The reason a dark end is so powerful is no one really knows where it comes from. Many taverns have a bottle that mysteriously shows up without the proprietor’s knowledge, but they somehow know the cost. Some legends say it has demonic influence, while others proclaim it must be extraplanar in origin. Others think an evil trickster god or their agents are clearly behind it. Whatever power is at work, its intentions are sinister for sure. After all who seriously wants a dark end?
From the Nerditor’s desk
My home game group played a regular bi-weekly game on average for about two years before things got tumultuous. Life changes, moving, and fading interest meant keeping an ongoing campaign continuing forward became a real challenge. As the primary Dungeon Master in the group, it felt like every session might be the ending of the group itself, and this was frustrating for a while.
But then I leaned into it! If any session might be the last, then every session needed to be a self contained adventure, like a one shot with semi-recurring characters. This was a breath of fresh air in several ways.
The most significant impact is a change of perspective for me. Instead of preparing adventures to help the players continue the story of their adventurers towards big picture, longterm goals my focus turned to creating a setting. Any given character or adventuring party’s story may experience an ending, but the world persists.
Another curious change took place in the players. Now when we manage to get together and play D&D, the endings of our games are only the ending for the adventure — not the characters. The next time we play might be completely different scenario and the players choose characters to play from a growing pool of recurring ones. I’ll explain.

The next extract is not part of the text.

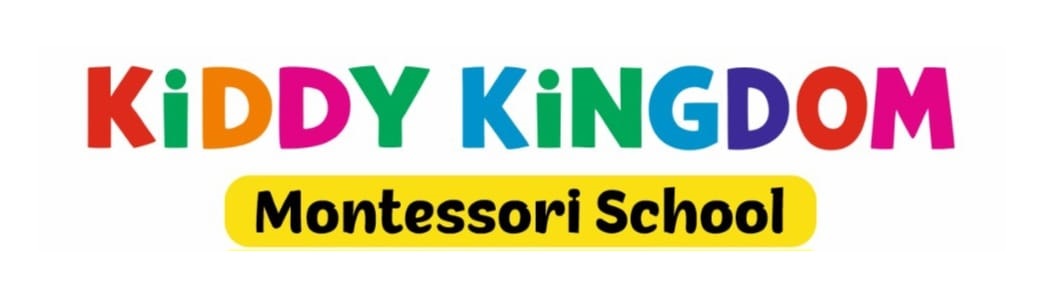 Kiddy Kingdom Montessori School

Our Spelljammer campaign (meant to be an epic 1st-20th level experience) fizzled out around 10th level after almost two years. We’ve started about a half dozen different campaigns since, which also got the fizzle treatment…sort of. Now when a DM pitches a campaign, adventure or one shot, we discuss the past character each of us might play. Quarion the bard from Waterdeep: Dragon Heist becomes a professional bounty hunter for a 8 session campaign in our home setting. Sir Finn from the Adventurers of Adventure winds up aboard a spelljamming vessel. Mesmogdu the enchanter, killed by a gray ooze in Undermountain is next seen helping a branch of Acquisitions Incorporated find the Orrery of the Wanderer.
I know it sounds crazy, but with all of the campaign endings in our group for whatever reason, as players we adapted to exploring our favorite characters in different scenarios. We keep different versions of them in D&D Beyond with the copy character feature. When we are able to get a game session together, we just enjoy rolling funny shaped dice and creating memorable stories together, knowing any session could be the ending of the character, campaign or even a player temporarily or forever. People ghost people am I right?
When it comes to endings in D&D or any tabletop roleplaying game, my advice is this: approach every session like a one shot, or consider it like a pilot for a new series. It may never be seen again, so give it your all. If you return for more, your exciting first session helps inform what you might explore next. Either way, every time you get together you’ll give them such an ending!